After recent policy changes removing most medical debts from credit reports, Americans are seeing their credit scores increase, but experts warn of the need to monitor billing and collection practices for unintended consequences.

Since the major credit bureaus in the United States enacted changes to policies around reporting medical debt in collections, the share of consumers experiencing this debt has declined significantly and their credit scores have increased, according to an analysis from the Urban Institute.1 However, patients can still be sued over unpaid medical bills, and further reforms are needed to alleviate these financial burdens.

Senior couple checking their bills | Image Credit: © WavebreakMediaMicro - stock.adobe.com

Senior couple checking their bills | Image Credit: © WavebreakMediaMicro - stock.adobe.com

The credit bureau policy changes that have taken effect over the past 18 months include the following:

  • July 2022: removing paid medical collections from credit reports and lengthening the grace period for reporting unpaid medical collections from 6 months to 1 year
  • August 2022: removing medical debt in collections from calculation of Vantage Scores
  • April 2023: preventing medical collections less than $500 from appearing on consumer credit reports.

Urban Institute authors noted that medical debt has accounted for most of the debt in collections on consumer credit reports for the past decade, and depressed credit scores can hurt one’s ability to access loans, obtain insurance, be hired for a job, or rent an apartment. The proportion of consumers with medical debt in collections was decreasing even prior to the credit bureau policy changes—from 16.0% in August 2018 to 12.6% in February 2022, and this decline intensified, leaving just 5.0% of adults with this type of debt in August 2023.

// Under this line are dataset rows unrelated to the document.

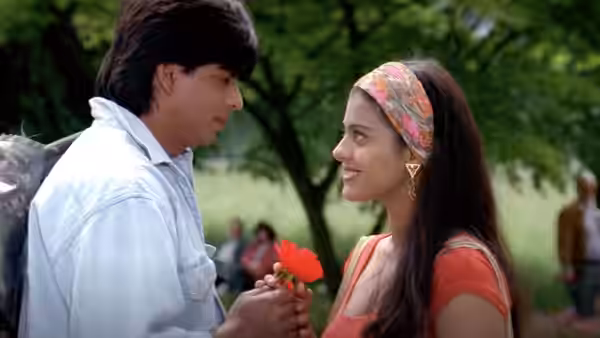 Raj Malhotra (Shah Rukh Khan) offers Simran Singh (Kajol) a red flower outdoors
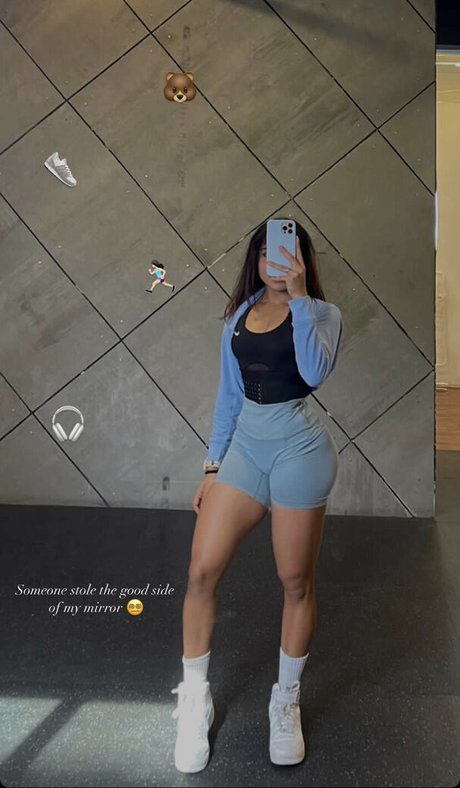 Naakte gelekte OnlyFans-foto van Unnati Patwa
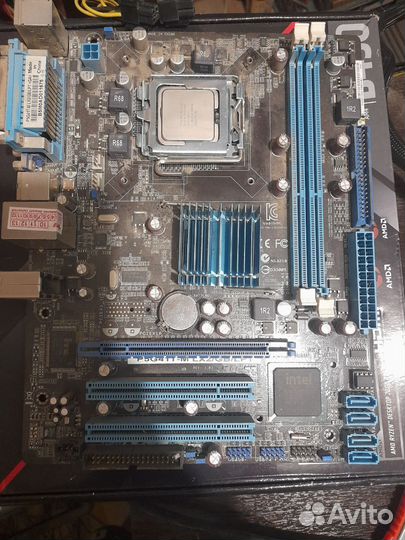 Материнская плата с процессором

“We estimate more than 15 million consumers might have had all their medical debt in collections erased from their credit files in the past year,” the analysis authors wrote.

Those who had medical debt in collections in August 2022 have also seen their credit scores increase, from a mean of 585 at that point to 615 in August 2023. This rise lifts the mean score out of the subprime range, which denotes a riskier borrower and thus a higher interest rate, into the near-prime category, with tangible impacts on the terms of the loans they are able to secure.

These strides, however, have not completely eradicated medical debt from credit reports, as bills higher than $500 can still appear on reports. In September, the federal Consumer Financial Protection Bureau announced plans to develop rules that would eliminate this information from credit reports entirely, with rulemaking planned for 2024.2 Experts predict fierce opposition to these measures from hospitals and health systems, as their collections departments often lean on the threat of credit reporting to prompt patients to pay their bills.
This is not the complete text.